The Indian cloud market is starting to shift gears and is moving from test and proof-of-concept (POC) to real deployments, observes Javier Colado, Senior Vice-President Worldwide Sales, Novell, Berkshire, UK (http://bit.ly/F4TColadoJ). “This provides a huge opportunity for system integrators (SIs) and SaaS vendors,” he adds, during a recent interaction with Business Line . We continue our conversation over email.

First, your views about IT spend across the world.

The IT (information technology) industry in general is showing signs of comeback post the global economic downturn. But I feel this is happening in a distinctly fragmented manner across different geographies.

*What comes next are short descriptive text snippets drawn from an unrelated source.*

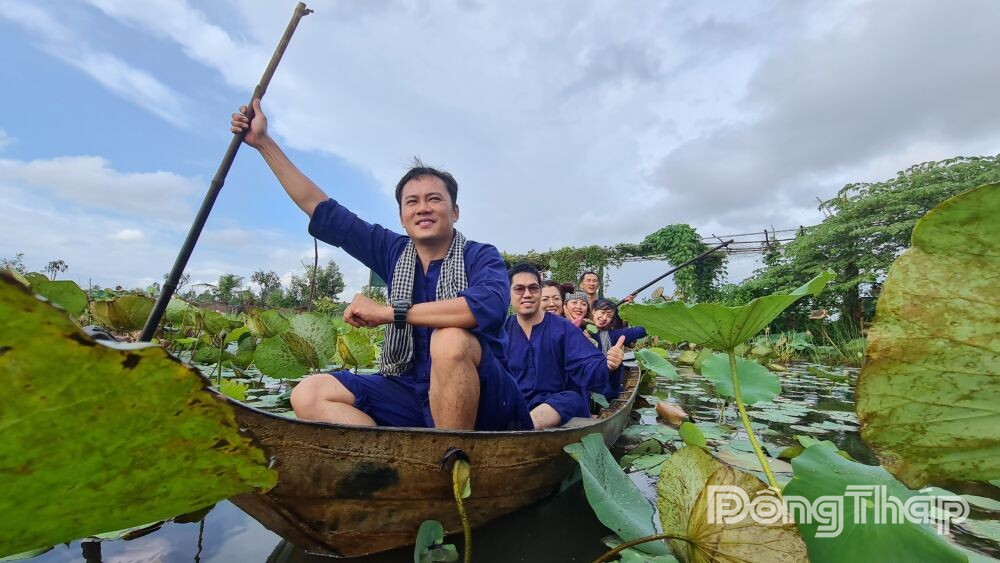 Du lịch Đồng Tháp bứt phá - Ảnh 1.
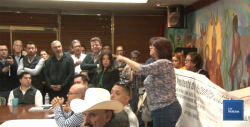 Primero que arreglen la calle y luego hablamos: Vecina de la Quintana Roo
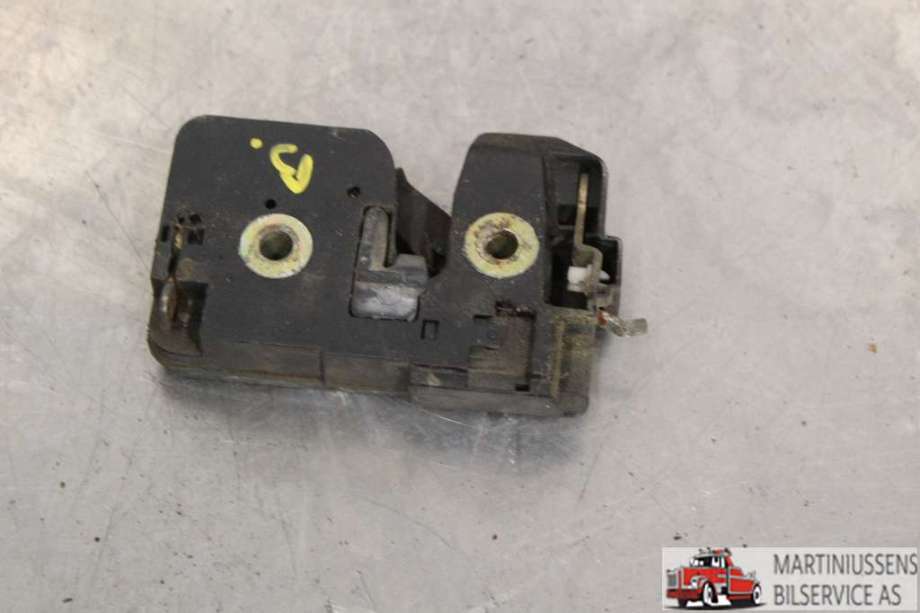 Baklukelås til VW Transporter / Caravelle 1990-2003 (T4) (T4) (VOLKSWAGEN||701 829 211)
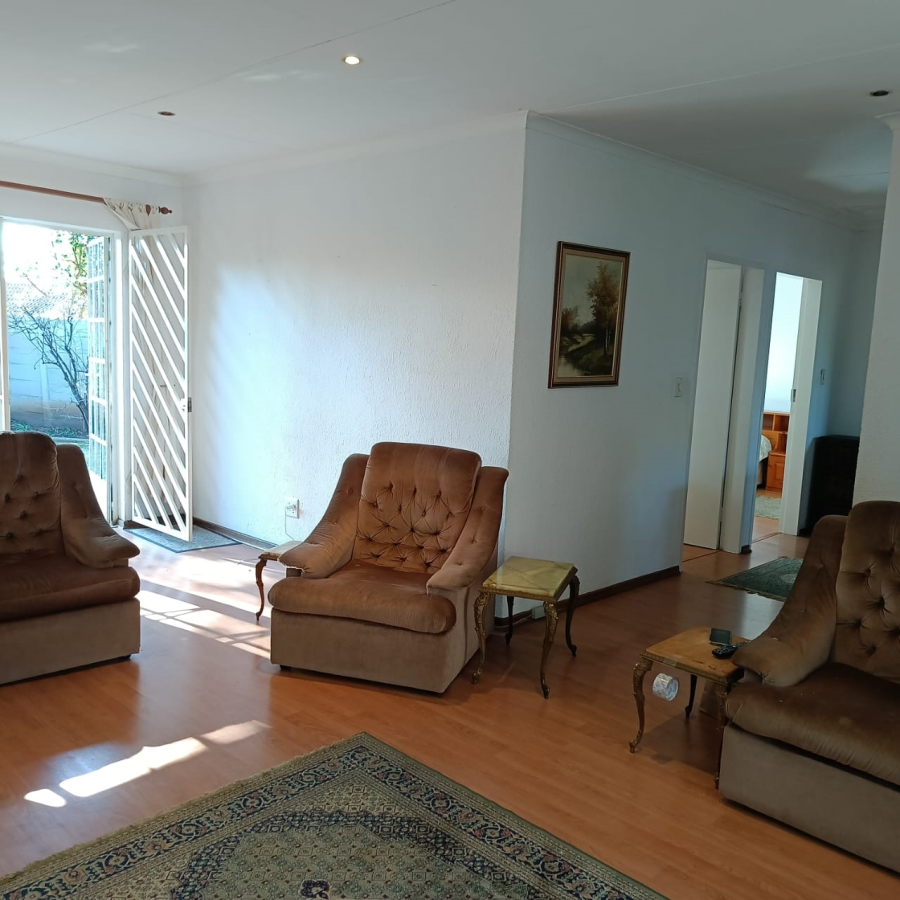 To Let 2 Bedroom Property for Rent in Allens Nek Gauteng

The established economies like the US are seeing a steady but slow recovery, while the growth regions like China and India are growing faster than the rest of the World. Europe was showing some signs of recovery and renewed IT spend in the initial days of 2010, but there was a significant slowdown due to the public spending constraints in most European countries.

We anticipate a continued period of slowdown during most of 2011 there, as governments continue to implement their plans to control their public debt.

For Novell, we have seen growth across the APAC, especially in the main countries (India, China and Japan) and also in the EMEA despite the slowdown in the public sector during the second part of last year. In the Americas we have remained flat, very much in line with the market.

What are the issues faced by enterprises moving to the cloud?

There is a lot of noise about the cloud around the world. Talking about deployment, the US currently leads the way in tangible adoption of the cloud. In markets like India, deployment is slow but it is anticipated to accelerate.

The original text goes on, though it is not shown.